Limited liability partnership (LLP) firms can no longer get away with lapses in filing of assorted information with the Registrar of Companies (RoC). The Ministry of Corporate Affairs has made the regulatory norms for them stricter, even as it allows them to approach the respective RoCs for condoning of fines/punishment for delays in filing of documents. The move is being seen as part of the government’s efforts in tracking doubtful companies as well as to have a stricter compliance environment.

The MCA has made Section 460 of Companies Act, 2013 applicable for LLPs through a notification issued last month. It deals with condonation of delays by the government in case of default in submission of any application or filing of documents with the RoC within the specified time period. Hitherto, default in filing of documents with RoC used to attract penalty, but LLPs, under a much liberation regulatory regime, used to circumvent such imposts.
As of 2019, India had a little over 1.55 lakh active LLPs. A major part of these are in business services, followed by trading, manufacturing and real estate & renting. LLPs as a form of entity was introduced in India in 2009 and it combines advantages of a partnership with those of a company.
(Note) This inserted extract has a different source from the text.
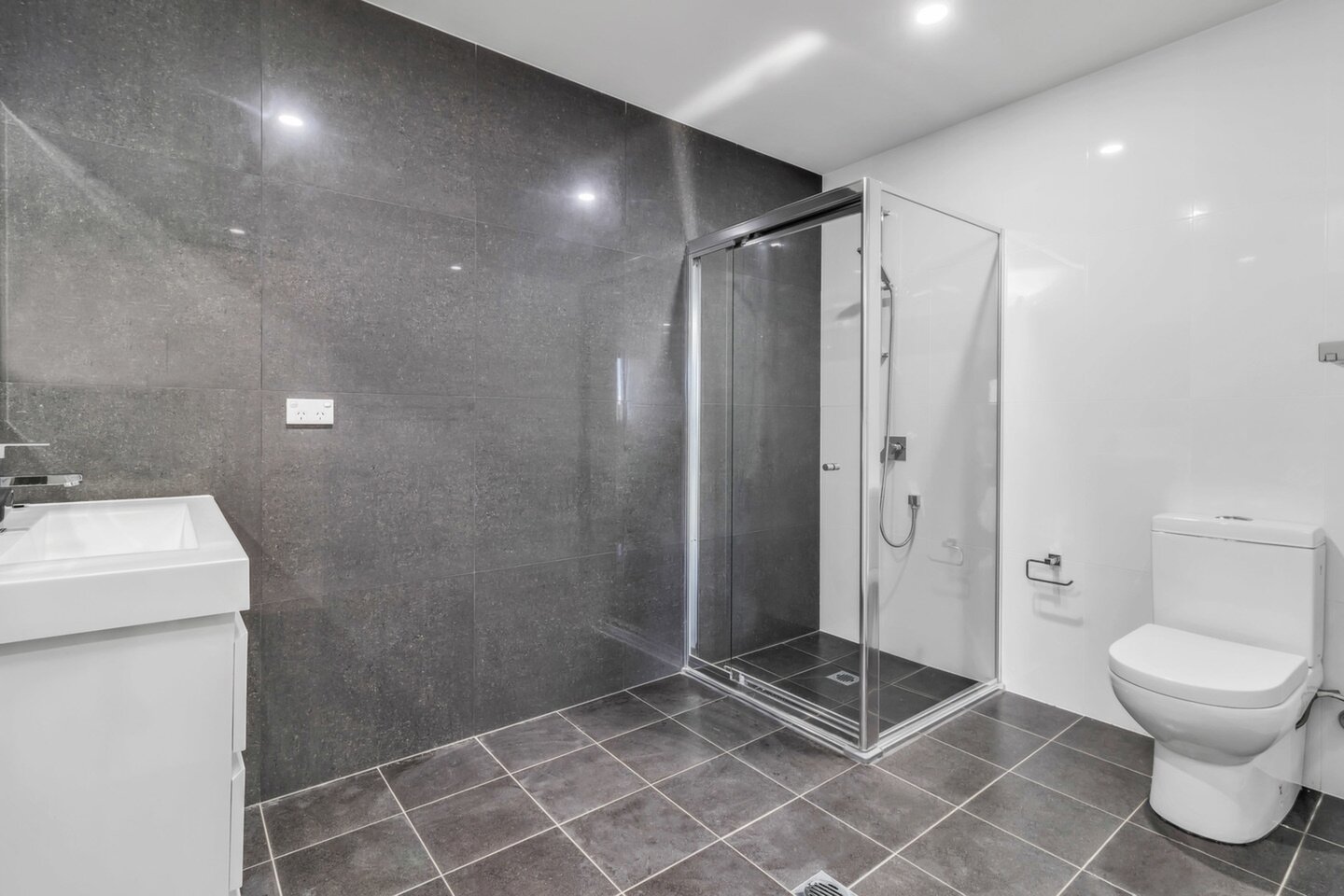 L19,405/240-250 Great Western Highway, Kingswood Sold by Response Real Estate Penrith - image 1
AMRG & Associates chief executive Gaurav Mohan said this move can be seen as the beginning of imposition of sections of Companies Act to LLPs. "Presently, LLPs have easier compliance norms as a result of which there is a limitation on the power of RoC to inspect affairs of such entities. Imposition of more provisions of the Act would bring inspection and inquiry of LLPs in the ambit of the power of RoC which is presently limited to companies alone. Imposition of more compliance norms will be a pioneering move in unmasking doubtful organisations which have taken the LLP route to stay at bay from compliance requirements of Companies Act 2013."

Vishwas Panjiar, a partner at Nangia Andersen, explained that it has been observed that large percentage of companies and LLP's have not filed statutory documents, making them liable for penalties and prosecution because of such non-compliance.

The MCA has been taking steps for regularising such non-compliant entities and has introduced Company Law Settlement Scheme, 2014 and Condonation of Delay Scheme 2018, wherein companies were given a chance to condone the delay in filling documents and granting them immunity from prosecution and reduced additional fee.
Recently, the MCA amended Section 460 of the Act to make it applicable for LLPs. Many instances have been reported to the ministry wherein LLP's have not been able to file the annual documents with RoC due to various reasons like disqualification of designated partners/directors, requirement of affixation of digital signature certificate of two designated partners (DP) on annual forms and de-activation of DIN of such disqualified DPs, he said.

"Unfortunately, the LLP Act does not provide any cure for such a situation unlike Companies Act. This amendment now enables the government to come up with schemes to provide an opportunity to defaulting LLPs to make their default good by filling these belated documents without prosecution and penalty," Panjiar said.